(Beginning of Collected material)

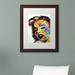 Trademark Fine Art 'Marilyn Monroe II' Matted Framed on Canvas Canvas, Wood | 20 H x 16 W x 1.25 D in | Wayfair ALI1524-W1620MF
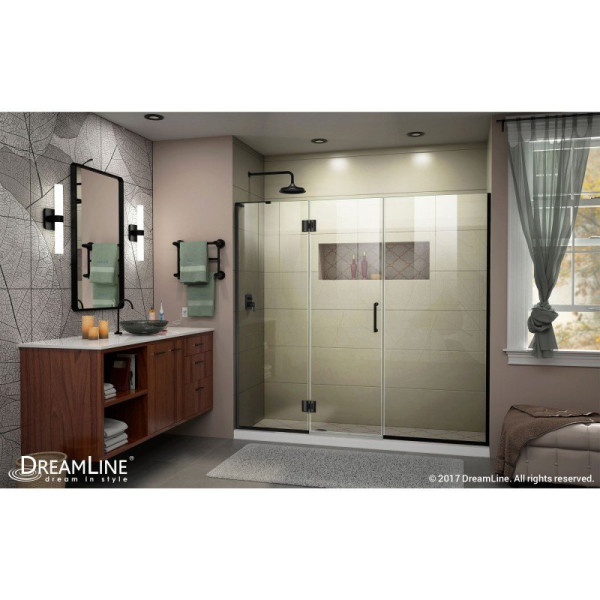 DreamLine D3241472L Unidoor-X 62 - 62 1/2 in. W Shower Door Left-wall Bracket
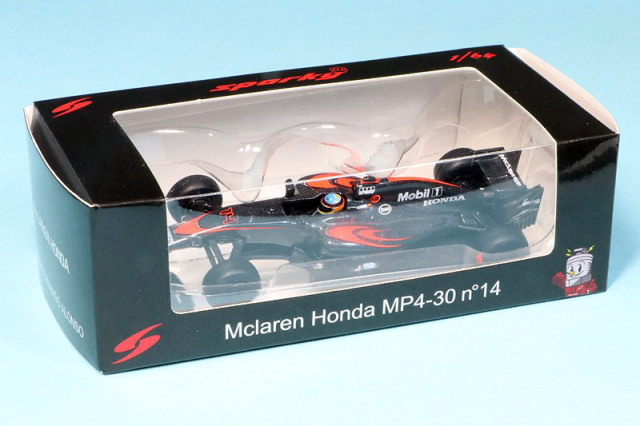 スパーク 1/64 マクラーレン ホンダ MP4/30 F.アロンソ SPK-ES1603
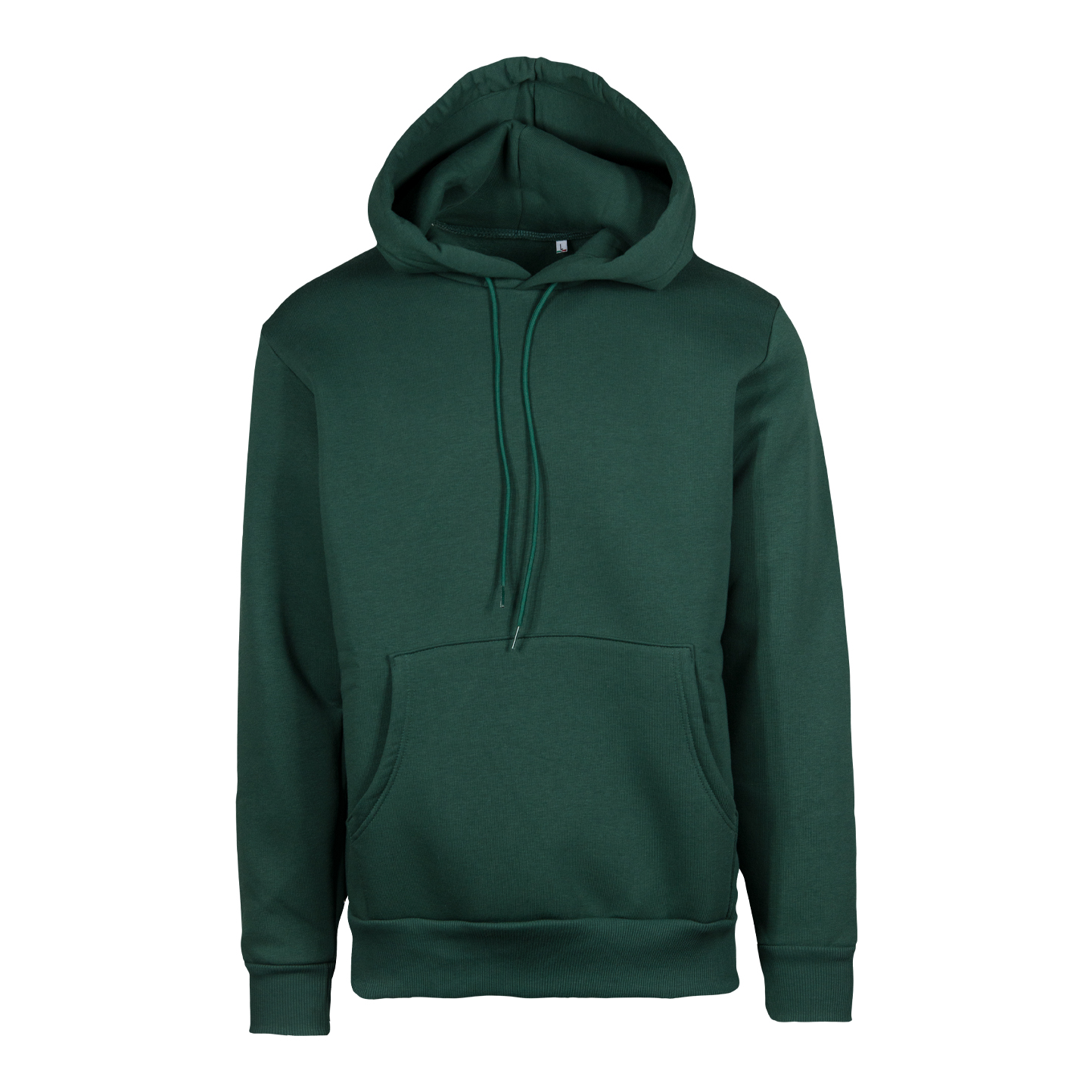 Sudadera con capucha suave. 75/25% algodón/poliéster 320 gr/m2 Negra XS - VT - Verde bosque XS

(End of Collected material)

What you will do:
All of the material must be repeated exactly in the answer, apart from the pictures.

Solution to this task:
 Trademark Fine Art 'Marilyn Monroe II' Matted Framed on Canvas Canvas, Wood | 20 H x 16 W x 1.25 D in | Wayfair ALI1524-W1620MF
 DreamLine D3241472L Unidoor-X 62 - 62 1/2 in. W Shower Door Left-wall Bracket
 スパーク 1/64 マクラーレン ホンダ MP4/30 F.アロンソ SPK-ES1603
 Sudadera con capucha suave. 75/25% algodón/poliéster 320 gr/m2 Negra XS - VT - Verde bosque XS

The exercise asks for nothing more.